[Opening DATA EXTRACT section]
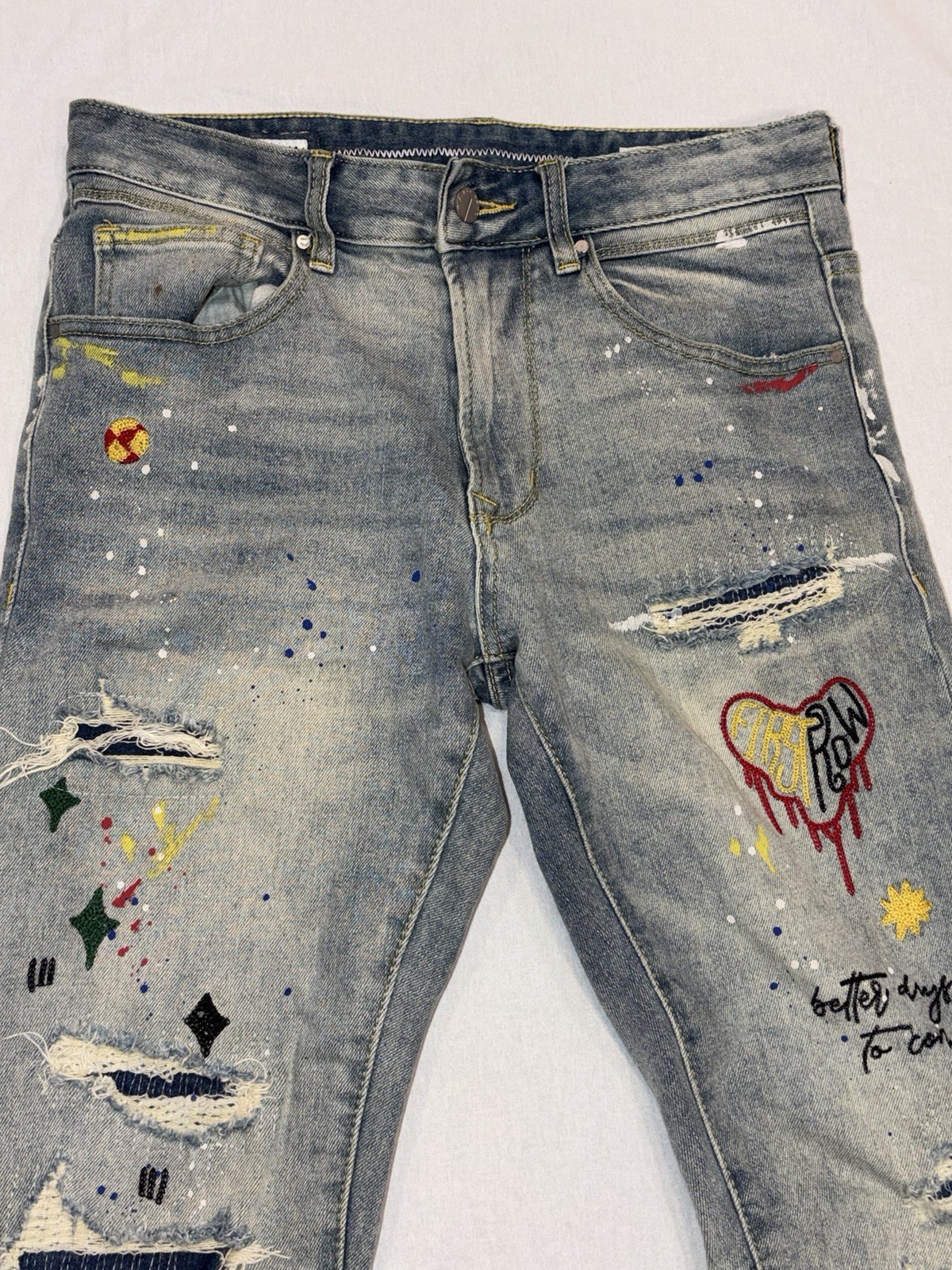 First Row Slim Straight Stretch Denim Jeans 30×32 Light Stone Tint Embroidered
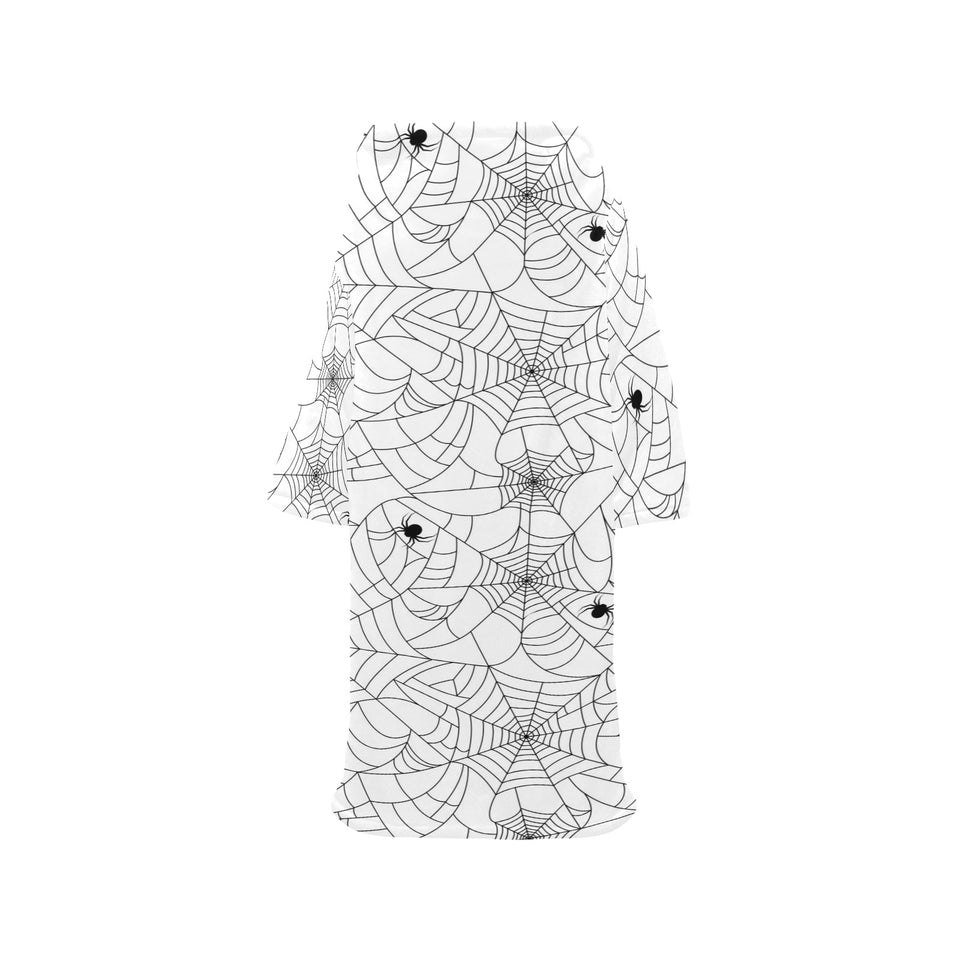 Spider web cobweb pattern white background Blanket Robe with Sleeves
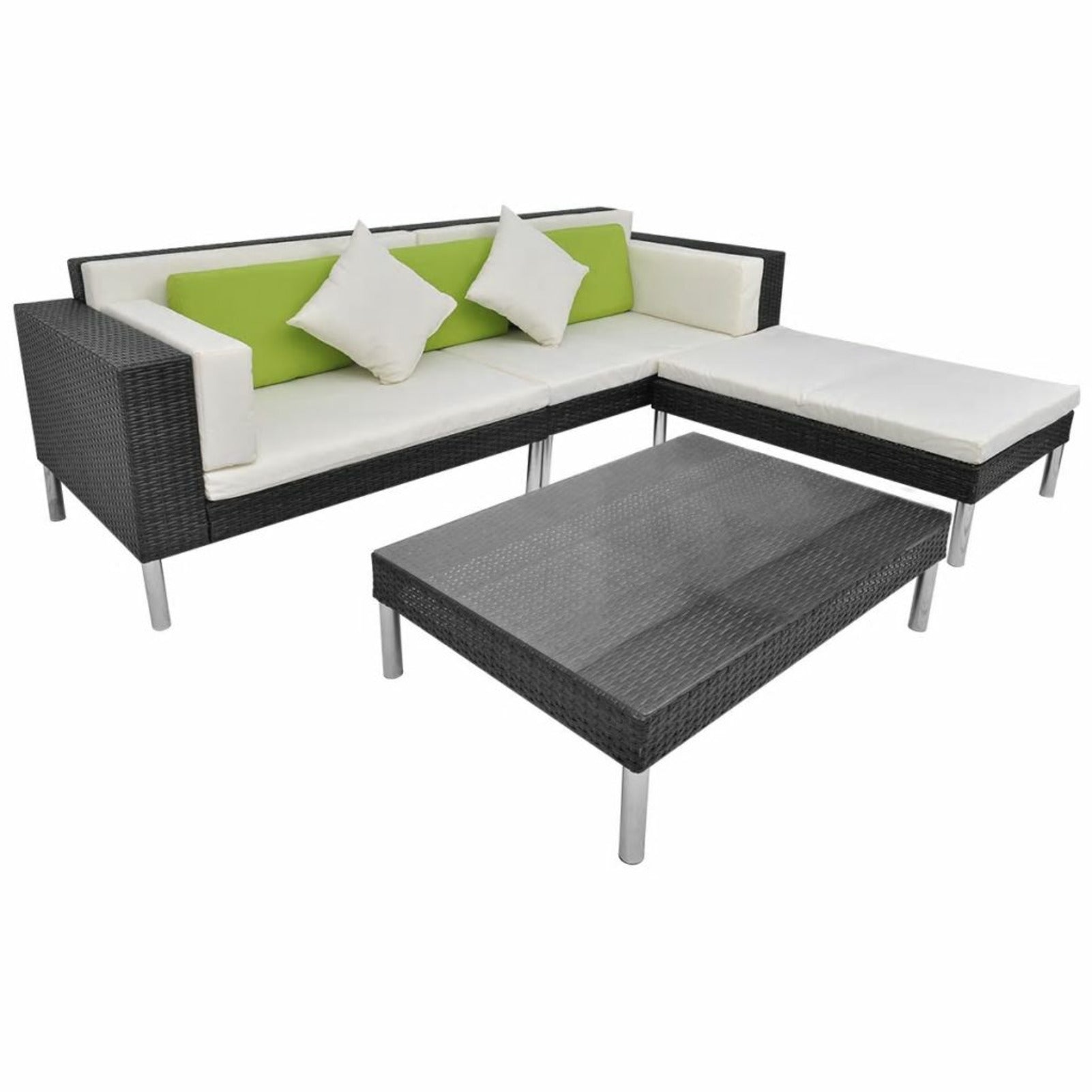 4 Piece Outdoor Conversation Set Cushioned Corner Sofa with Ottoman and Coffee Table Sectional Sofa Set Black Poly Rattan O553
[Closing DATA EXTRACT section]
YOUR GOAL:
The result should be the same data as above, line for line, with the pictures gone.

WRITTEN SOLUTION:
 First Row Slim Straight Stretch Denim Jeans 30×32 Light Stone Tint Embroidered
 Spider web cobweb pattern white background Blanket Robe with Sleeves
 4 Piece Outdoor Conversation Set Cushioned Corner Sofa with Ottoman and Coffee Table Sectional Sofa Set Black Poly Rattan O553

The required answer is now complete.